Each time a new ice floe snapped, the geese nesting on the river's islands and oxbows would begin shouting and honking, as if connected even more intimately—as if something in them had been tugged—and the people in the valley would feel their blood leap and surge yet again. And each of them marveled at how Matthew could keep sleeping through it. It was not the sound so much that should have awakened him, they supposed, as those leaps within the blood.

“He knows it's over between you and him,” Helen said to Mel. “His body can smell the change. He doesn't want to wake up to that fact, is why he's sleeping so long this year.”

The three of them were sitting on the porch watching the day's end and listening to the river's distant rush. Wallis tried not to think of old springtimes with Susan down in the green hill country.

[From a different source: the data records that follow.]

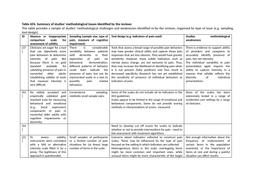 thumnail for 1471-2318-14-138-S6.docx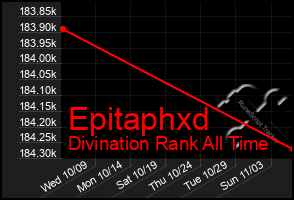 Total Graph of Epitaphxd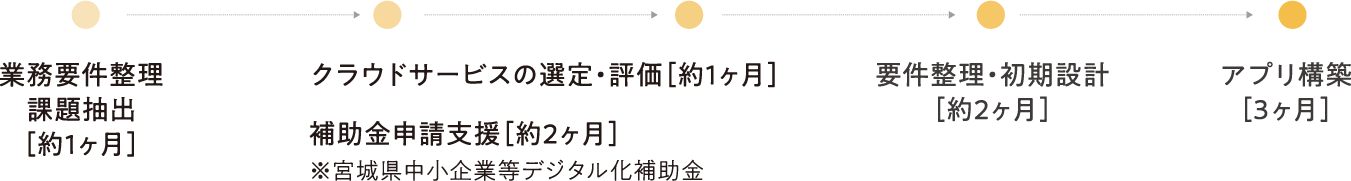 作業スケジュール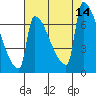 Kalama tide chart for Thursday, August 14, 2025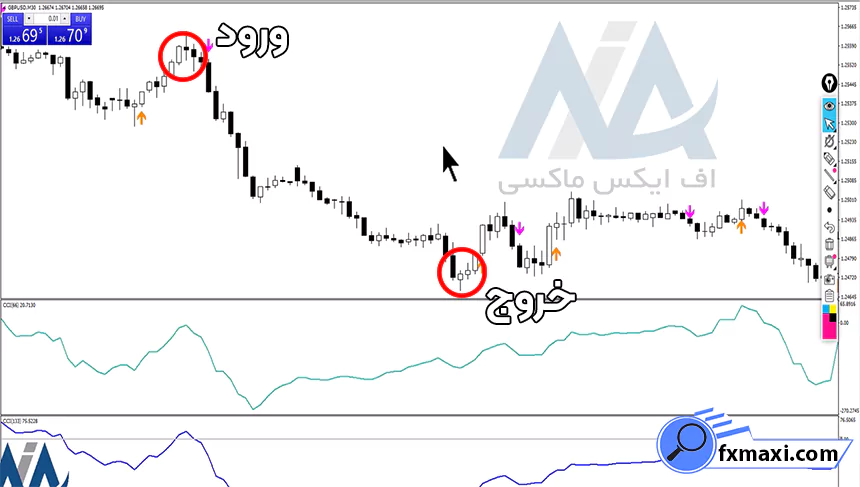 آموزش استراتژی مارکت میکر فارکساستراتژی فارکس
سیگنال فارکس 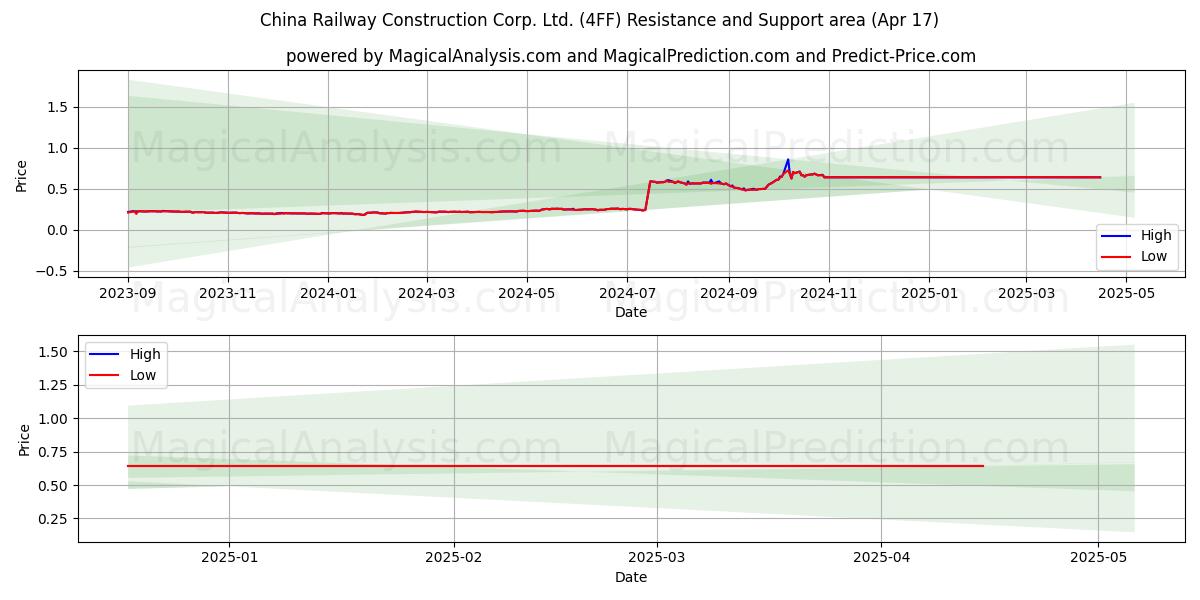  China Railway Construction Corp. Ltd. (4FF) Support and Resistance area (17 Apr) 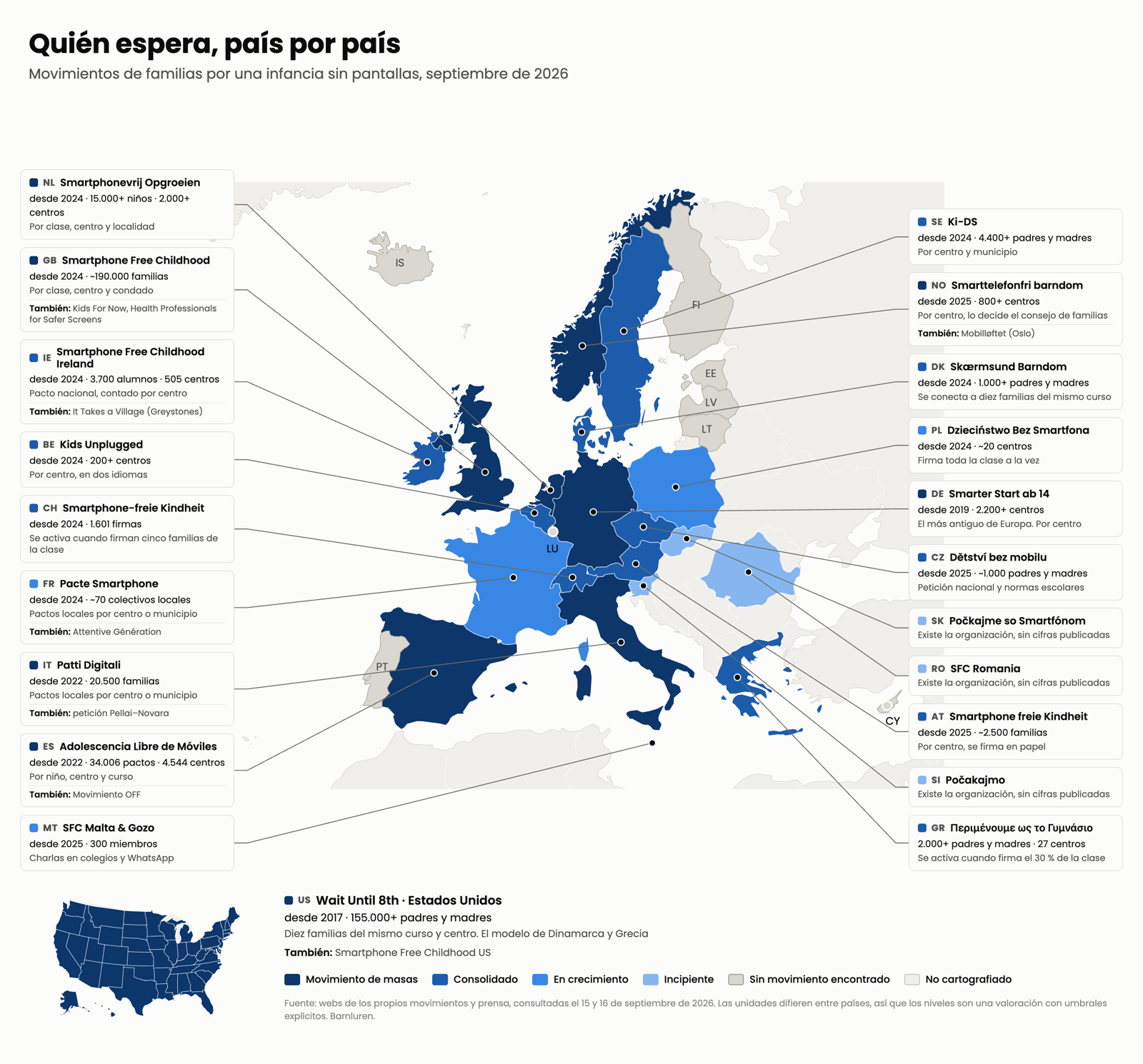 Mapa de Europa que describe cada país con un movimiento de familias: nombre, año de inicio, tamaño y cómo funciona el pacto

A snipe was making its wavery wing-song overhead, rising into the dusk and then plummeting—staking out its territory with a thing ephemeral, invisible, the song of wind rushing over its wings.

Wallis found himself once again daydreaming of his map: believing in it fully, despite the fact that he had never seen nor touched any of it. He held onto it as if to an anchor. It had to be right.

“Maybe,” said Mel, talking about Helen's theory. “It could also be that Pop's taken the last bit of him there was left to take.”

 

Mel washed Matthew's hair that night. He had turned over in his sleep shortly after dusk, and the elk hides were off him. She set a bowl of soapy water beside him, and another of warm rinse water, and by lantern light massaged his scalp. Wallis sat next to her, expecting him to wake up, and wanting to see the spectacle of it. She scratched his scalp and rinsed his hair, rubbing it with a damp towel, scrubbing the old week's worth of sleep away, but still he slumbered.